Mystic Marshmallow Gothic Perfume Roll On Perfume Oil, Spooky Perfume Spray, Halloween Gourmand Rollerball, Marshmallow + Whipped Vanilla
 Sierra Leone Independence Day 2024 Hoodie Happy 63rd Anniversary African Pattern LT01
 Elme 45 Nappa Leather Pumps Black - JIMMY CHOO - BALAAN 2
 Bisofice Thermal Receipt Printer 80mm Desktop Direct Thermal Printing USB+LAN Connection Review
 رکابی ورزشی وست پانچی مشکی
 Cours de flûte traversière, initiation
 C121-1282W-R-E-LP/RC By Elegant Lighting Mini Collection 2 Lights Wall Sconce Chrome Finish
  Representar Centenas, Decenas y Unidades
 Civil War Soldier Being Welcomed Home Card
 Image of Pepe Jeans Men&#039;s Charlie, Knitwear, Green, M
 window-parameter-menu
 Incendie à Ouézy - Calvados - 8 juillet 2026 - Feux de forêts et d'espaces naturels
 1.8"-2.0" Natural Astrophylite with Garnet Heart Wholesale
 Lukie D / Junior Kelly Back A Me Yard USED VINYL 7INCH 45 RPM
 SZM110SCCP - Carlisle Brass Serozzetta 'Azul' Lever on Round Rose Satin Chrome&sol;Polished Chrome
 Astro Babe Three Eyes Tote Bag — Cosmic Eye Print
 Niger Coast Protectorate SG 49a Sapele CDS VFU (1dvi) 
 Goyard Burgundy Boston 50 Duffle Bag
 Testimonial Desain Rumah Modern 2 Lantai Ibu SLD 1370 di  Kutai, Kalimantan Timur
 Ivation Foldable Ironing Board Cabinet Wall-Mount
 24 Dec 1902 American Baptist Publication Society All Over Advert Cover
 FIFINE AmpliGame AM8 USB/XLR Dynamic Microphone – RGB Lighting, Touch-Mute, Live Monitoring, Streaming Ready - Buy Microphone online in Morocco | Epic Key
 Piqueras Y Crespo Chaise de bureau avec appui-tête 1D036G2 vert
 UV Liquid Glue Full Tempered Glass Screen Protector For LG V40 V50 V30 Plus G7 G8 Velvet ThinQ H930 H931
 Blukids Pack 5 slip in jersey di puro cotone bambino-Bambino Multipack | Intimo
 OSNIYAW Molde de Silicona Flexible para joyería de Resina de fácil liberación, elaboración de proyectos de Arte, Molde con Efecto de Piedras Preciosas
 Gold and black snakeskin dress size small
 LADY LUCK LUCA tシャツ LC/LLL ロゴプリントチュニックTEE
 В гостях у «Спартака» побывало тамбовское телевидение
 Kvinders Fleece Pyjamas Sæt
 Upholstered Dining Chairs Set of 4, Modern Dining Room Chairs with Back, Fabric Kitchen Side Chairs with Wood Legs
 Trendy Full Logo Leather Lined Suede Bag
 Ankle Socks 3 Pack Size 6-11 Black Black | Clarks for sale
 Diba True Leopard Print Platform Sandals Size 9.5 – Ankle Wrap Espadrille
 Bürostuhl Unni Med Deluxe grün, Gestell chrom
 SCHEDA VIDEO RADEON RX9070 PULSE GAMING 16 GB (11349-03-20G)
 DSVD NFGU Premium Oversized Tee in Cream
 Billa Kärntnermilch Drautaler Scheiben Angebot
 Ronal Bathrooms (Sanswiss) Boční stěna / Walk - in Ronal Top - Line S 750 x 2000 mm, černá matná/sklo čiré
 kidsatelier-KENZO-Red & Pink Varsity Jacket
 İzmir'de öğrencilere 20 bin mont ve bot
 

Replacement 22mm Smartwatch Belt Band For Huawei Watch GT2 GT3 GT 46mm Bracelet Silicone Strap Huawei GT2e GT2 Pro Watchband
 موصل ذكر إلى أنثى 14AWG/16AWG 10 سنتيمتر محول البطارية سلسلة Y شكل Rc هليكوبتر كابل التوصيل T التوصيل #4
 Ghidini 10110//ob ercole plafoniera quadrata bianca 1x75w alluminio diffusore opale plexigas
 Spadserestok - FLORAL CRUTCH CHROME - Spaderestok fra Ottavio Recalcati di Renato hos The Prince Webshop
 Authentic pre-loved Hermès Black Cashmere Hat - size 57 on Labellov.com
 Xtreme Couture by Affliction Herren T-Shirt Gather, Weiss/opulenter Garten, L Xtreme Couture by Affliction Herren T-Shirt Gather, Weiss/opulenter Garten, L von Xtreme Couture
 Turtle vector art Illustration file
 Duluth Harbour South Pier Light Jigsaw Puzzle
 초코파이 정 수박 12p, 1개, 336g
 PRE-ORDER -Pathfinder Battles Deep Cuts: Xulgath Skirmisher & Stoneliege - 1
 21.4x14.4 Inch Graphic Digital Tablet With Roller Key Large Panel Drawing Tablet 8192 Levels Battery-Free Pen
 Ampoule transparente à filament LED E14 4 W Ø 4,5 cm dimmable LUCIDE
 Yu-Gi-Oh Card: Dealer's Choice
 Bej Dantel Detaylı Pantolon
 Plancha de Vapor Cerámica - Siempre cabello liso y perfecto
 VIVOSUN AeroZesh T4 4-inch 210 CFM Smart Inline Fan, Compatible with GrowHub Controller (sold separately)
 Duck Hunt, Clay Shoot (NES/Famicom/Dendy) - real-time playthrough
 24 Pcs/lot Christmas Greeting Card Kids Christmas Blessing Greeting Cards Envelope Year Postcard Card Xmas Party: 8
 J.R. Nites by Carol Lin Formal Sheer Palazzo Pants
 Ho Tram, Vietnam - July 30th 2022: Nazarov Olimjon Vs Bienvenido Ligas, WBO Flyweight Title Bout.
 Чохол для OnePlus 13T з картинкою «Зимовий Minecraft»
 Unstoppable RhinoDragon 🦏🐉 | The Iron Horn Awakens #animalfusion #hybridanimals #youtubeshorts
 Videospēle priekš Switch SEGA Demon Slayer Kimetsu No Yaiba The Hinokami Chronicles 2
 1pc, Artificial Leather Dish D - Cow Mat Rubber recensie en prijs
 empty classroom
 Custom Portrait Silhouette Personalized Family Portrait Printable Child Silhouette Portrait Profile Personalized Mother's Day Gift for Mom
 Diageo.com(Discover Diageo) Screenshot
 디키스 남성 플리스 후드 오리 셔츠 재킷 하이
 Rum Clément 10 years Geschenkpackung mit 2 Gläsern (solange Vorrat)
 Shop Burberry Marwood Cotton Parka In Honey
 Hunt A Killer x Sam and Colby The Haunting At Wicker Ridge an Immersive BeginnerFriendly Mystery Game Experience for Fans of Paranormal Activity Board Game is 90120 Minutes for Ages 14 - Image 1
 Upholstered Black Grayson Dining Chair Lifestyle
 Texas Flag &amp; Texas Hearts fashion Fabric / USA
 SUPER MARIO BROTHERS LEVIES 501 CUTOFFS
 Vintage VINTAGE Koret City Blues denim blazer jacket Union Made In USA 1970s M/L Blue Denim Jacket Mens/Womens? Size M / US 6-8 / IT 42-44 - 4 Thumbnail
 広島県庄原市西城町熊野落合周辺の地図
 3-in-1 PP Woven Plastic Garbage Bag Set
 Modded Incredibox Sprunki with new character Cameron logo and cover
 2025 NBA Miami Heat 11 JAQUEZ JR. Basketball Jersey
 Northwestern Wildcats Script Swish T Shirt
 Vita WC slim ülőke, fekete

Prompt:
Check each line in the records above for the word "Fabric". Return those that have it.

Exercise solution:
 Upholstered Dining Chairs Set of 4, Modern Dining Room Chairs with Back, Fabric Kitchen Side Chairs with Wood Legs
 Texas Flag &amp; Texas Hearts fashion Fabric / USA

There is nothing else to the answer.